周尚文直接给了张斌一马鞭:“满口胡浸的什么混账话,你不是蒙古人,也不是土匪强盗,你是亲军校尉吗!”

张斌也自悔失言,没有争辩,只鼓着腮帮子,捏着铁拳,努力把怒火往肚子里吞。

李秉倒是继续诘问道:“总不至于大帅也觉得我们是奸臣走狗吧,觉得他们才占理?”

周尚文红了脸,也能看出来官兵们的怨气很大,尤其是在看见同袍被辱后。

所以,他也还是再次开口道:“不是不追捕,也不是真的就放过他们,而是按照圣意办,他们鼓动富户,我们就联合贫户!”

“什么意思?”

李秉问道。

周尚文道:“出京前,陛下有谕示对我说,这次改制不利富户利贫户,而贫户才是真正的百姓,也素来被忽视,不被当真正的人!”

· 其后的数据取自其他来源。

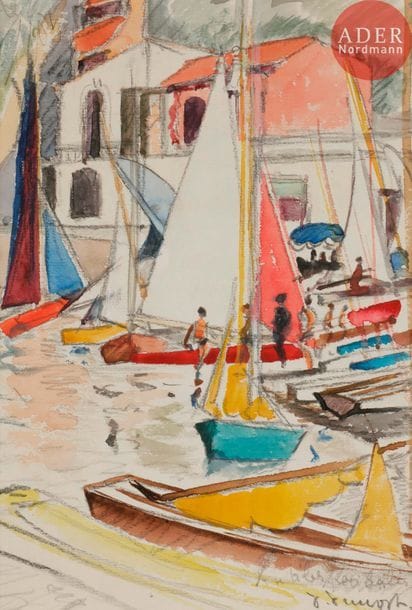 Pierre PRUVOST (1921-2008)

Antibes, la Salis
Encre et aquarelle.
Signée, et située en bas à droite.
20,5 x 14 cm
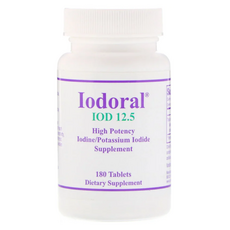 Optimox Iodoral High Potency 요오드 180정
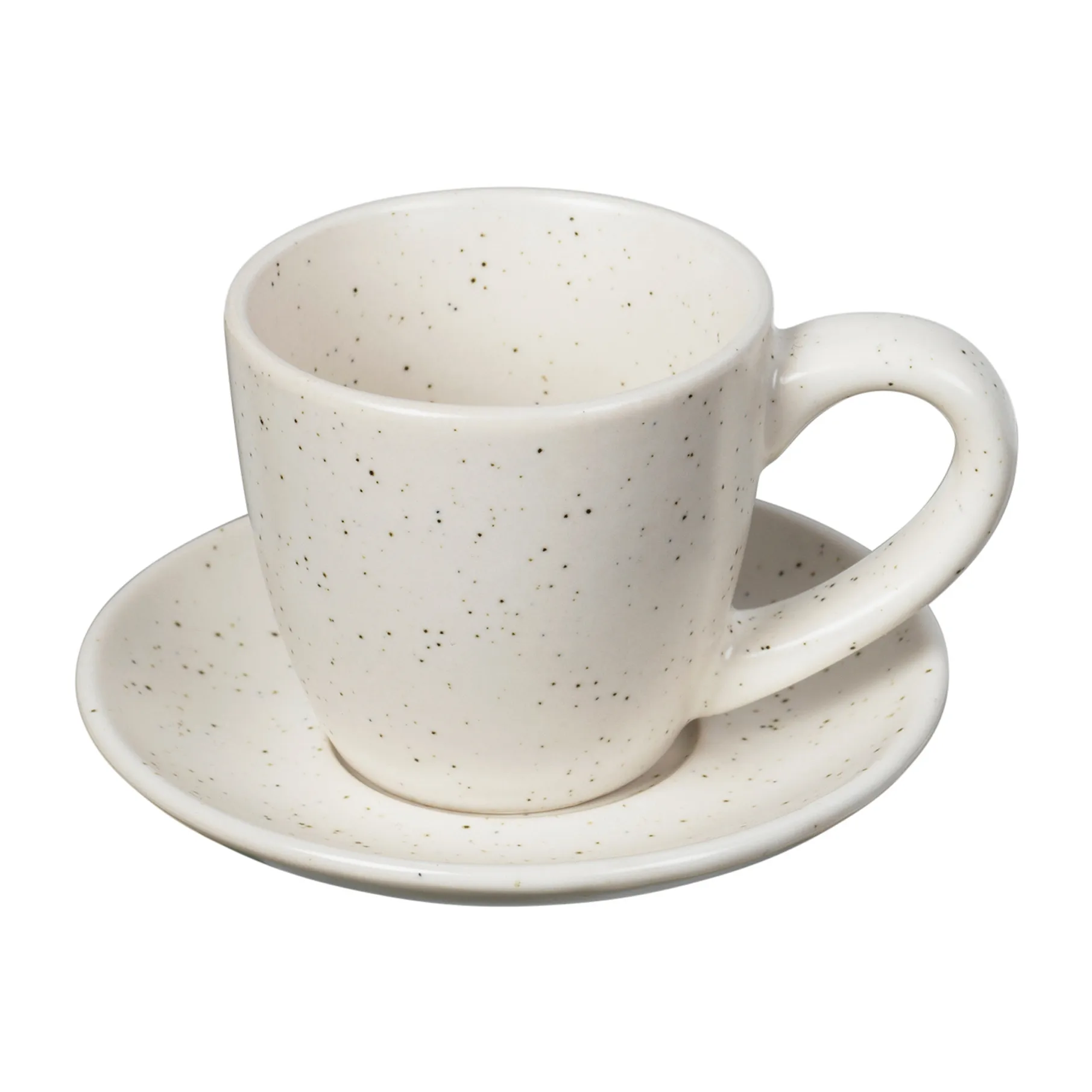 Taza espresso y platillo Nordic Vanilla 5 cl, Cream Broste Copenhagen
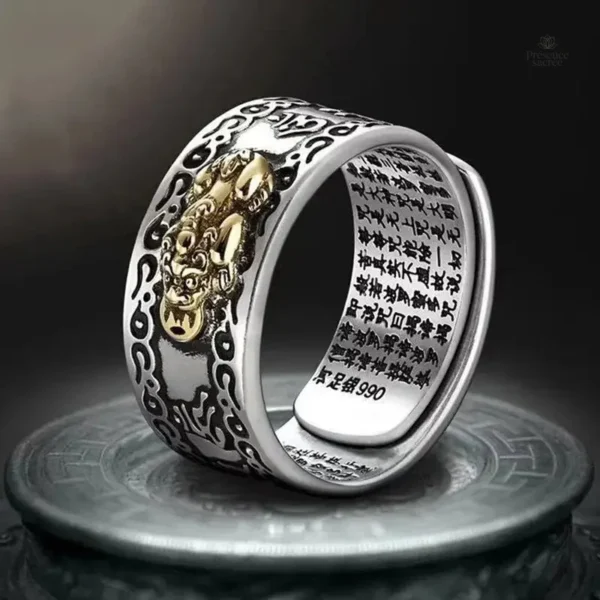 Bague Mantra pour la tranquillité intérieure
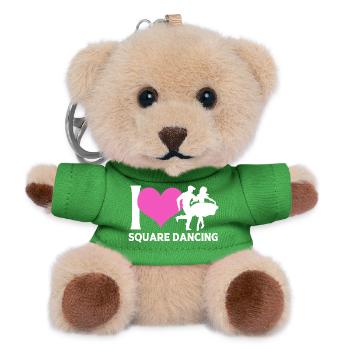 Square Dance - Teddy Schlüsselanhänger - Grün - Vorne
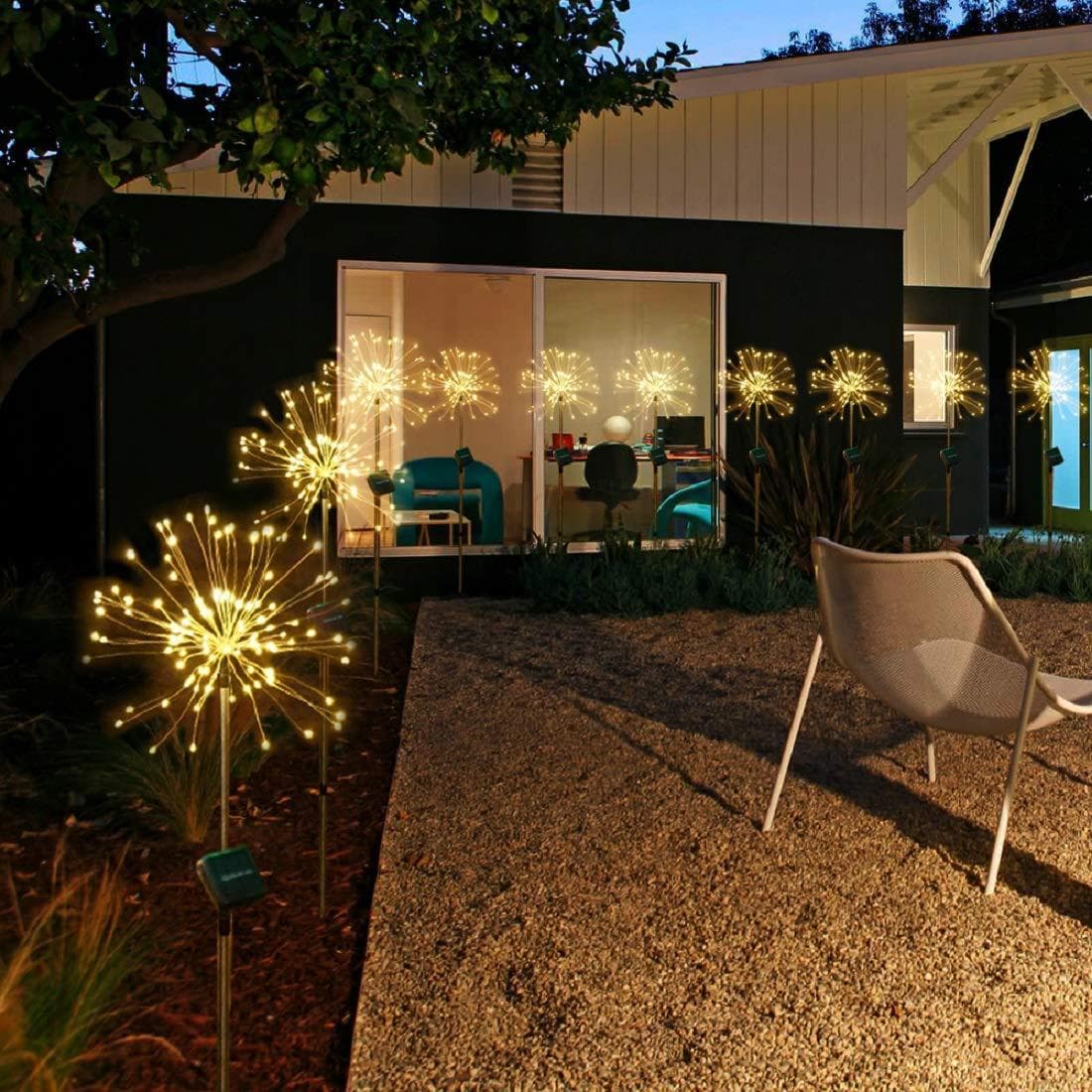 Guirnalda Solar LED Cobre Luces Navideñas Jardín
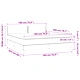 Боксспринг легло с матрак, кремава, 180x200 см, плат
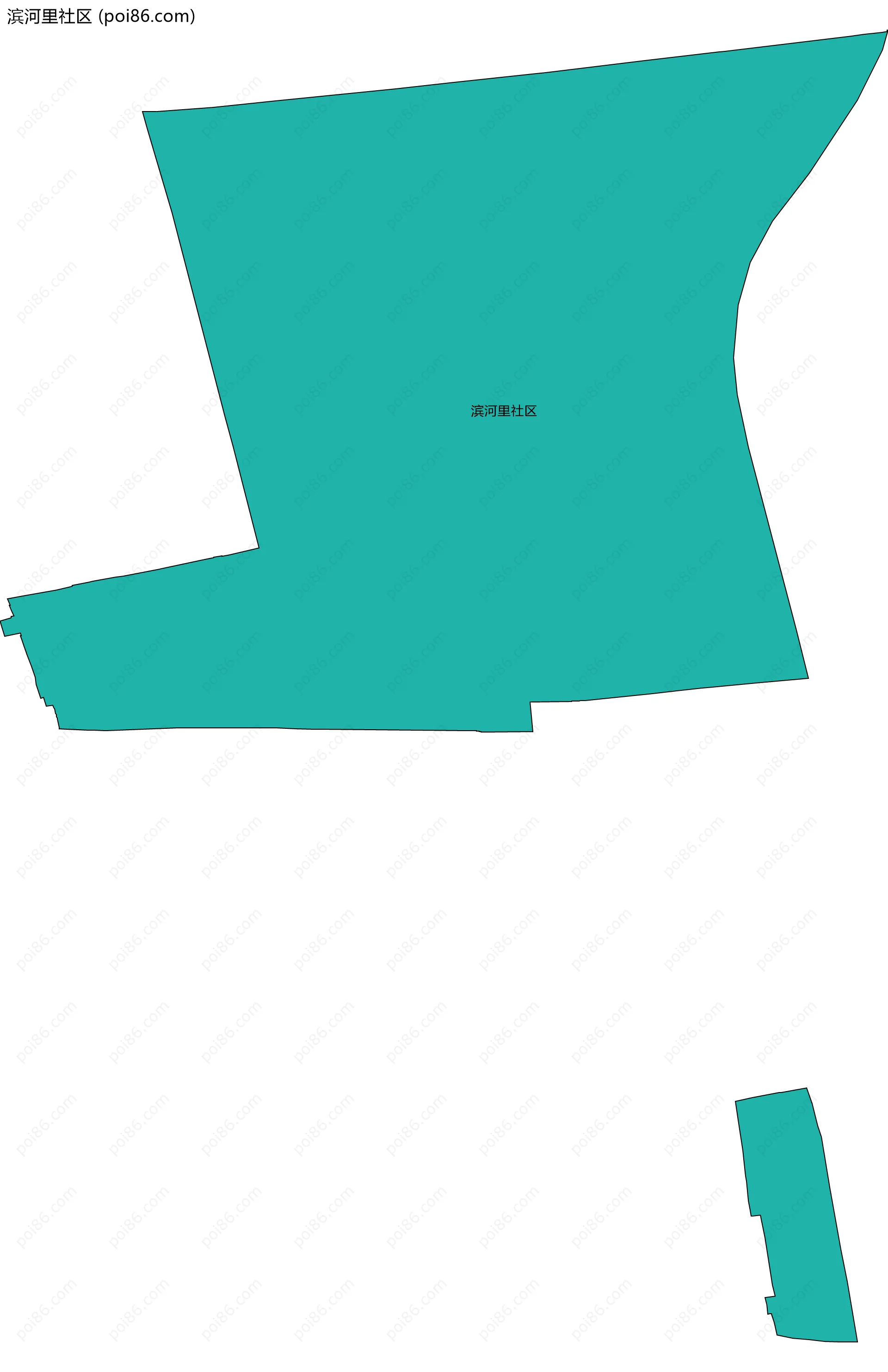 滨河里社区边界地图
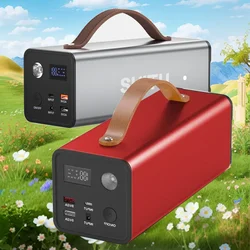 200W Portable Power Station 200V LiFePO4 Battery Outdoor Camping Emergency Power Supply Solar Generator Home Outdoor Emergency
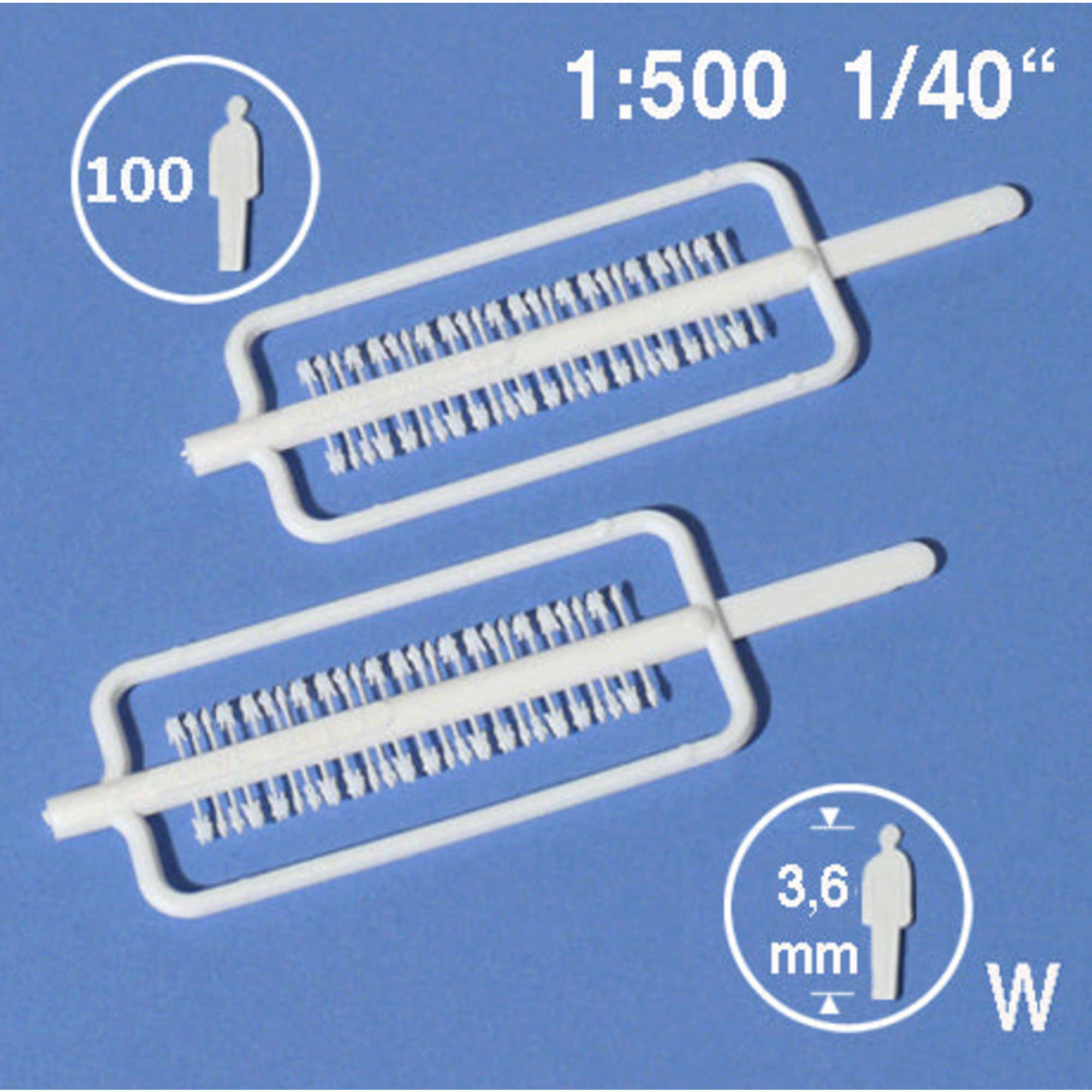 Silhouette Figures White 1:500 H = 3.6mm (50 pcs)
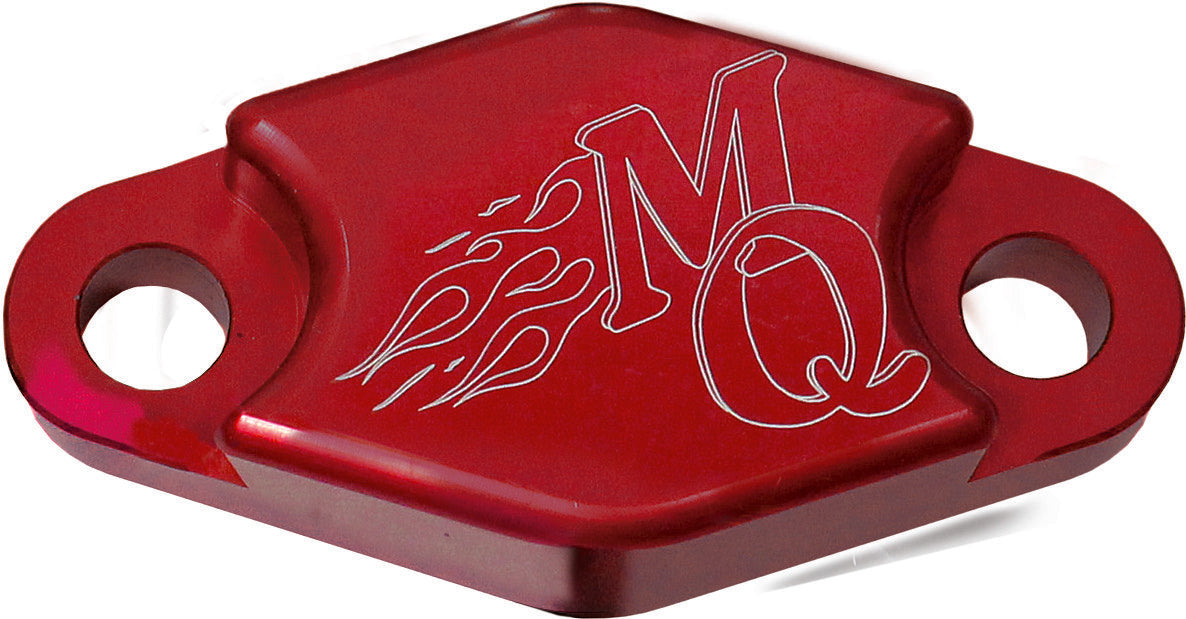 BRAKE BLOCK OFF PLATE (RED)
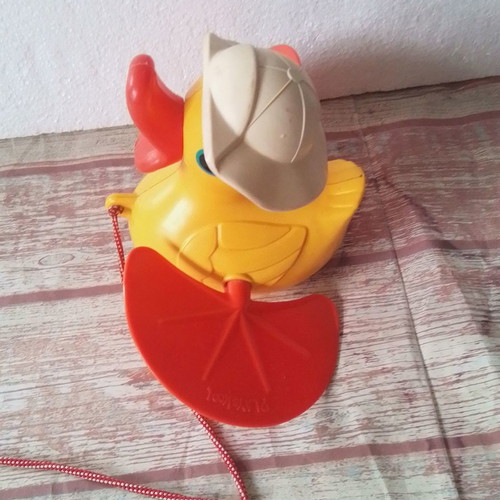 Vintage duck with paddle wings Playskool used 70s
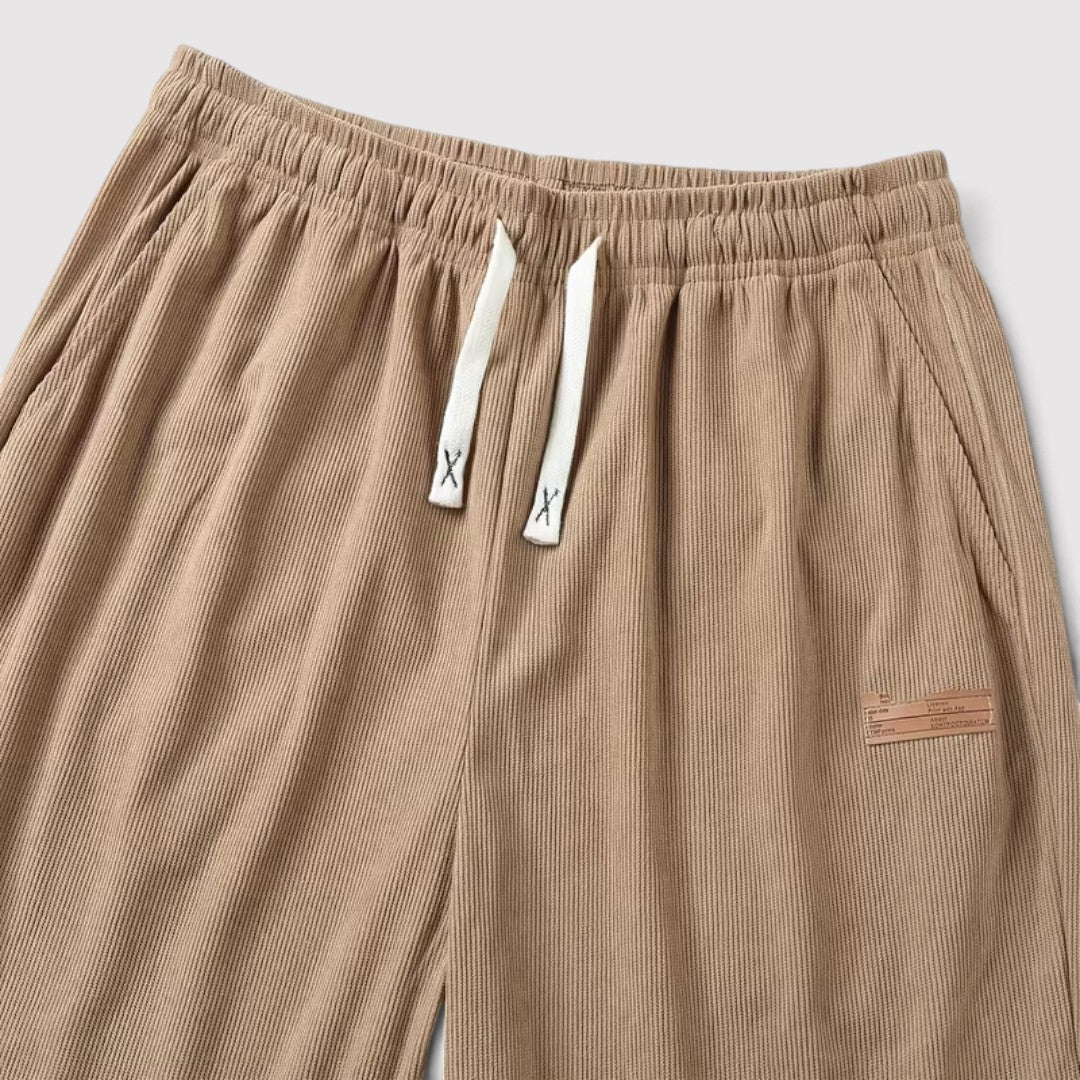 CARDENAS 通気性のあるコーデュロイパンツ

“一开始让你们把百姓当人看,你们肯定也受不了,觉得自己作为亲军卫,也有自己的骄傲,怎么可以为卑贱者做事!”

“但等你们发现这里的士绅富户不把你们当亲军卫看,不尊重你们,而高高在上的傲世你们时,你们就会愿意去把百姓当人看,去接触最底层的贫户,陛下说,鱼儿只有渴的时候才知道水的好处!”

“回营!”

“现在起,换种方式,要想报仇,就先把自己架子再放低,见苦命人就帮,见落难人就济!也学他们读书人,他们发展文社,我们就组织农社,工社,商社,然后等新的旨意到来!”

接下来。

勇卫营众官将倒是没再说什么,皆老老实实地听从命令,回了营,只是不少人都露出一脸认真思考的样子。

因为他们还需要时间来理解圣谕。

且说。

锦衣卫朱七这里一直在尾随着陈蟠等人。

哪怕到下午,大雨突然降临,他也没有离开,只守在陈蟠等人突然钻进的一条巷口,且在陈蟠出来时,他还摸出了衣襟里的一封信看了看,信不厚,来自大内,盖着司礼监的邮戳。

他没有拆开,只是摸了摸,然后又放了回去,且在脚步声临近时,突然拔出了藏在柴担里的绣春刀。

很快,刀刃上就缀了一串晶莹剔透的水珠,汇聚成线。